Édito février 2019. Par Nathalie Jungerman

Stéphane Mallarmé - Correspondance

Édito

« J’ai enfin commencé mon Hérodiade. Avec terreur car j’invente une langue qui doit nécessairement jaillir d’une poétique très nouvelle, que je pourrais définir en ces deux mots : Peindre non la chose mais l’effet qu’elle produit », confie Stéphane Mallarmé en octobre 1864 à son ami Henri Cazalis (Correspondance, Gallimard, 2019, Lettre 79). Il est alors âgé de 22 ans. En composant Hérodiade, Mallarmé s’inscrit dans la continuité de la poétique d’Edgar Poe qu’il a découverte dans The Philosophy of Composition (que Baudelaire a traduit par La Genèse d’un poème) où Poe tente de démontrer « qu’aucun point de la composition ne peut être attribué au hasard ou à l’intuition » et que pour lui, « un effet à produire est la première de toutes les considérations. » Cette œuvre, Hérodiade, que Mallarmé souhaitera compléter en 1886 et achever en 1898, l’année de sa mort, est emblématique de son évolution spirituelle et poétique. À Villiers de l’Isle-Adam (Lettre 115, 1865), il écrira que son sujet est la « Beauté » et que le « sujet apparent n’est qu’un prétexte pour aller vers Elle. » L’écriture épistolaire contre laquelle le poète ne cesse de s’insurger non sans humour dans sa correspondance - parce qu’elle prend un temps considérable sur son activité poétique -, est notamment le laboratoire de l’œuvre en cours.
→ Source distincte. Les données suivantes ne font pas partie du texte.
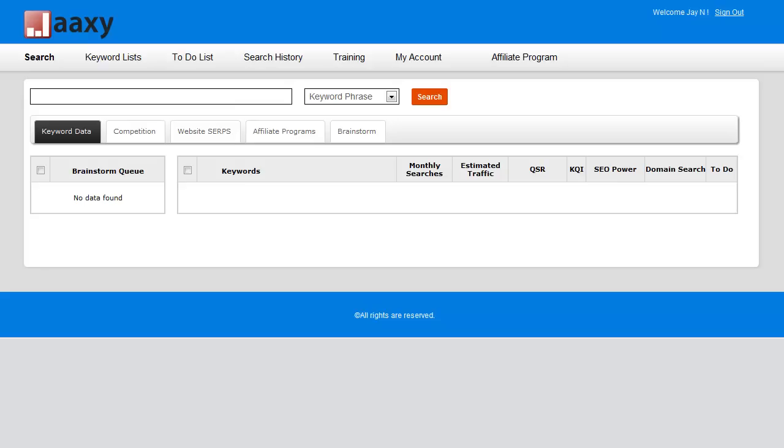So the first thing you're going to want to do is make sure you have a keyword list, and once you have your keyword list, simply head over to the keyword lists area.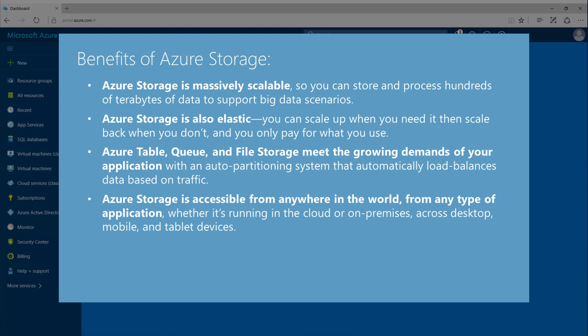Azure Table, Queue, and File Storage meet the growing demands of your application with an auto-partitioning system that automatically load balances data based on traffic.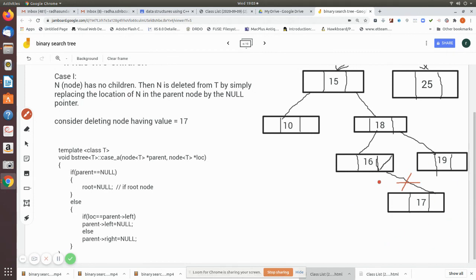So when deleting a leaf node, we check whether it is a left child or right child of its parent, and then make that particular pointer null. This delinks the node from the tree, completing the deletion.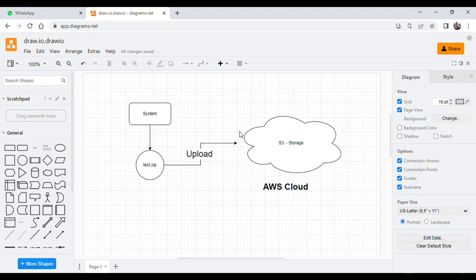Hi friends, thanks for your comment and thanks for your request. I would like to suggest that whatever your query, try to elaborate it in a more detailed way. Due to some urgent work we were not able to upload the video quicker, but whenever you raise a request we'll try to resolve it as soon as possible. In today's video I just want to demonstrate how you can upload your zip file or any file.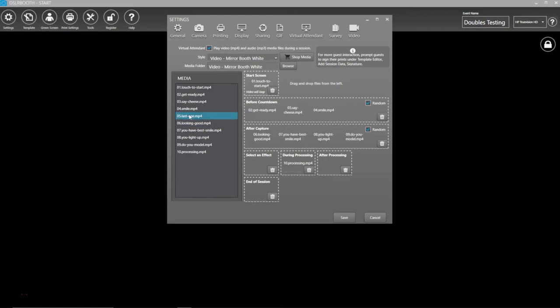Drag and drop the animation MP4 files from the left into the Start screen, Before and After Capture, Before and After Processing, and End Screen.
Il y est question de son cheminement, des premières tentatives à l’ultime essai du Coup de dés jamais n’abolira le hasard, poème en vers libres qui joue de toutes les variations typographiques. Le 28 mars prochain, les lettres de Stéphane Mallarmé paraîtront chez Gallimard dans la collection Blanche, réunies pour la première fois en un seul volume. Bertrand Marchal, professeur à la Sorbonne et éditeur des Œuvres complètes du poète dans la Pléiade, a établi cette nouvelle édition à partir des onze tomes (et douze volumes) déjà parus, ayant pour maîtres d’œuvre Henri Mondor et Lloyd James Austin. Il a corrigé d’après les originaux toutes les lettres connues (texte, datation, classement), en a rajouté d’autres retrouvées et les a annotées. Cette correspondance écrite entre 1854 et 1898 s’adresse à plusieurs centaines de correspondants et compte plus de trois mille lettres.
Didier Sandre en lira des extraits le 12 mars au Studio Raspail, à l’occasion des « Soirées de la Fondation La Poste » et des 20 ans du Printemps des Poètes qui a pour thème « la Beauté ».